Daí por que a aplicação da Convenção não é pacífica em vários países do mundo e já existe uma Comissão Especial para sua revisão, responsável pela discussão de propostas e encaminhamento de mudanças urgentes. Razão pela qual, como está atualmente redigida, tal Convenção não é um instrumento jurídico que possa ser aplicado internamente pelos Estados-membros sem restrições e limitações. E o mesmo acontece no Brasil.

Do que se conclui que o emprego de uma interpretação restritiva na aplicação da Convenção de Haia, isto é, da possibilidade de averiguar o dano emocional a que se sujeita a criança, em caso de retorno imediato, bem como os efeitos do retorno da criança ao país de origem da família que se desfez sobre os demais membros, em momento algum fere as obrigações contidas na Convenção ou viola a reciprocidade em atos internacionais. Aqui se destaca a capacidade/poder da autoridade local (judiciária ou administrativa) de ponderar em que dispositivo legal melhor se enquadra o caso concreto, e até mesmo de negar a aplicação da Convenção e se recusar à devolução da criança ao país que a requer com fulcro na Convenção mesma.

Ainda, no que se refere à aplicabilidade da Convenção, sabe-se que esta, quando internalizada à legislação nacional, passa a integrar um sistema harmônico de direitos e obrigações. Dito de outra forma, não se aplica a Convenção de Haia em detrimento da Constituição Federal brasileira, do Código de Processo Civil e do Estatuto da Criança e do Adolescente, bem como de qualquer outro diploma legal brasileiro. Aplica-se a Convenção em harmonia com o direito pátrio e, como tal, ela deve ser interpretada conforme os princípios que regem nosso sistema jurídico, pois, se assim não fosse, seria ilegal e não teria validade.

Senão bastasse, a Convenção dos Direitos das Crianças prevalece sobre a Convenção de Haia.

A lógica legislativa foi construída de maneira a conferir previsibilidade às relações jurídicas e a minimizar os danos às pessoas, até que se atinja uma decisão definitiva. Respeitá-la significa, também, ter presente que a ordem internacional deve funcionar em harmonia com o sistema jurídico nacional: material e processual.

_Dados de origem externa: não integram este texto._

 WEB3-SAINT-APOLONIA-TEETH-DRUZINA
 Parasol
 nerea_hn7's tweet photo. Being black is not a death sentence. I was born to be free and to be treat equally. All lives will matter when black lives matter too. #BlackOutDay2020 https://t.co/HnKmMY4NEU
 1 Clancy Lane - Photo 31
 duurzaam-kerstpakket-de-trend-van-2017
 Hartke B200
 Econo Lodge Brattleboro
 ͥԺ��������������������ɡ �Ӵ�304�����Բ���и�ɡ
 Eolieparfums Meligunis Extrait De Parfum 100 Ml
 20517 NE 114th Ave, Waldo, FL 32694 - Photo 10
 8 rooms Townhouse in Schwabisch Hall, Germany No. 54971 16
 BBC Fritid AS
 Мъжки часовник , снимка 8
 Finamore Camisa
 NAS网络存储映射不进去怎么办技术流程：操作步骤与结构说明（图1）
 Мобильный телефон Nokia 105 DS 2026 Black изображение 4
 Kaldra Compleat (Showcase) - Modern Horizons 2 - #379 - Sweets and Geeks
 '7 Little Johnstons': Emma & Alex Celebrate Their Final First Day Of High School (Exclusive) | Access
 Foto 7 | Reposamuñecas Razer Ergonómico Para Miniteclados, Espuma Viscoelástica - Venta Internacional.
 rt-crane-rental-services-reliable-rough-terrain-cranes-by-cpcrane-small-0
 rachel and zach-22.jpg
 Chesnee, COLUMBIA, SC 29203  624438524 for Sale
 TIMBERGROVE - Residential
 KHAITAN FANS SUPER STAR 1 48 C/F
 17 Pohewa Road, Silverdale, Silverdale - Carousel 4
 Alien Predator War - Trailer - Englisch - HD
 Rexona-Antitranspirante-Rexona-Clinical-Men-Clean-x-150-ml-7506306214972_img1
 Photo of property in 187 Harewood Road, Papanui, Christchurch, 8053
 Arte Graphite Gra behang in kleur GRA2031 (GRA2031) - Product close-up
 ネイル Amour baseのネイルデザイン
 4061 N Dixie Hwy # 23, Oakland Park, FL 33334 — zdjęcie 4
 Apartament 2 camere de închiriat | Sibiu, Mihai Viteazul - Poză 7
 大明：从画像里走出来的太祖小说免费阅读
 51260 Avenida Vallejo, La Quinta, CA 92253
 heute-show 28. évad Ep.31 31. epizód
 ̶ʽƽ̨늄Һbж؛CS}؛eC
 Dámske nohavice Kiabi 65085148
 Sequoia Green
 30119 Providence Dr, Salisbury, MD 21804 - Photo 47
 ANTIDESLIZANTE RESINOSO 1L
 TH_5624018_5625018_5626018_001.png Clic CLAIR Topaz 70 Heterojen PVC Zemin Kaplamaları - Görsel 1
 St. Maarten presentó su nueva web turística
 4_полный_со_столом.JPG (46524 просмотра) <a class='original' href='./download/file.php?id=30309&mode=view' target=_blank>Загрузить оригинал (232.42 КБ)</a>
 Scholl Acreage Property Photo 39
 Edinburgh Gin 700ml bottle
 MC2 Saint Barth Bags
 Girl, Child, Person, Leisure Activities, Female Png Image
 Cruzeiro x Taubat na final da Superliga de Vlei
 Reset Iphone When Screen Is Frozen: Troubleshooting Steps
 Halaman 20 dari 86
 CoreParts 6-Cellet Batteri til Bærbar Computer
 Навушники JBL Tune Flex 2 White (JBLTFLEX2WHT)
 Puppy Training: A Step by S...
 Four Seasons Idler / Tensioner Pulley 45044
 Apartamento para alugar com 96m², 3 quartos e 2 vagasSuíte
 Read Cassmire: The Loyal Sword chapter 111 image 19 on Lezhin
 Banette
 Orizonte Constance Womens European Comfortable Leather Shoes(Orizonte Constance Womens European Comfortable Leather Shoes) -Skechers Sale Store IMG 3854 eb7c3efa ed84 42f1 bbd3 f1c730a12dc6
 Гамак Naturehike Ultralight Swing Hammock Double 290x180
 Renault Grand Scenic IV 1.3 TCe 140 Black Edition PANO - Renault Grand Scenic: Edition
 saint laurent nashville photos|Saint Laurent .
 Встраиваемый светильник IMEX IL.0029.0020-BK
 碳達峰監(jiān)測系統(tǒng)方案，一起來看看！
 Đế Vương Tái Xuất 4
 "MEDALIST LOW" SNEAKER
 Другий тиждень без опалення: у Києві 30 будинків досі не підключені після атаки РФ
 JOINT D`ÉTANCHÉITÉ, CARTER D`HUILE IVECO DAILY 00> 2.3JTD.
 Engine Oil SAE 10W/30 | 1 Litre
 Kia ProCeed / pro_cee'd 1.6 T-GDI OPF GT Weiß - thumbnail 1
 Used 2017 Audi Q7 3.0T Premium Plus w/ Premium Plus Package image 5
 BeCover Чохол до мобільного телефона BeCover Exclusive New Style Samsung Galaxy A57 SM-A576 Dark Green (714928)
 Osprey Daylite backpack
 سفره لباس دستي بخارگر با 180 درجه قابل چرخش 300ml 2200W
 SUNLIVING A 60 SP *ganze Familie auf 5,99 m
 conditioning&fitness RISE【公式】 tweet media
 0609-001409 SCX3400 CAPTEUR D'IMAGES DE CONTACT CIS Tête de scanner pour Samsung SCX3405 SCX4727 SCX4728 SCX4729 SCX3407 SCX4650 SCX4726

Ao analisar os efeitos da Convenção de Haia no Brasil, constata-se que diferenças substanciais emergem caso a caso, mas, o mais preocupante, são as decisões judiciais de primeiro grau brasileiras, que determinam o retorno imediato da criança ao país de origem da (ex)família que se desfez. Ademais, determinam o retorno “em poucos dias”, com ou sem o genitor com quem a criança (às vezes em tenra idade) convive.

Certamente, quando acontece uma separação familiar, a criança é privada do convívio diário com um dos genitores. Não se afirma, com isso, ser o pai ou a mãe a pessoa mais importante para a criança; o que se destaca é que, ao primar pelo bem estar da criança, a Convenção de Haia confere ao juiz a autoridade para analisar qual dos genitores detém meios mais adequados para desempenhar os cuidados diários com o filho e qual o meio social e familiar mais adequado ao seu crescimento e desenvolvimento psíquico e emocional.

Outra importante questão que se enfrenta com a Convenção de Haia é a fixação do conceito de “residência habitual” da criança, segundo o qual se determinará se a retenção, em outro país, é ou não ilícita.

O risco grave à criança, previsto nas exceções da Convenção, configura-se exatamente pela perda dos vínculos afetivos e do cotidiano, já estabelecidos entre a criança e os demais membros da família, ou seja, pelos sofrimentos emocional, afetivo e moral pelos quais podem passar, também, o pai, a mãe e os irmãos da criança.

A aplicação da Convenção no Brasil, portanto, somente deve acontecer se todos os membros da família que se desfez forem levados em conta. A devolução da criança ao país de origem, muitas vezes, traz efeitos nefastos não apenas ao menor, mas a todos os membros da família desfeita e daquela que existe e acolheu genitor e filho que vieram se abrigar no Brasil.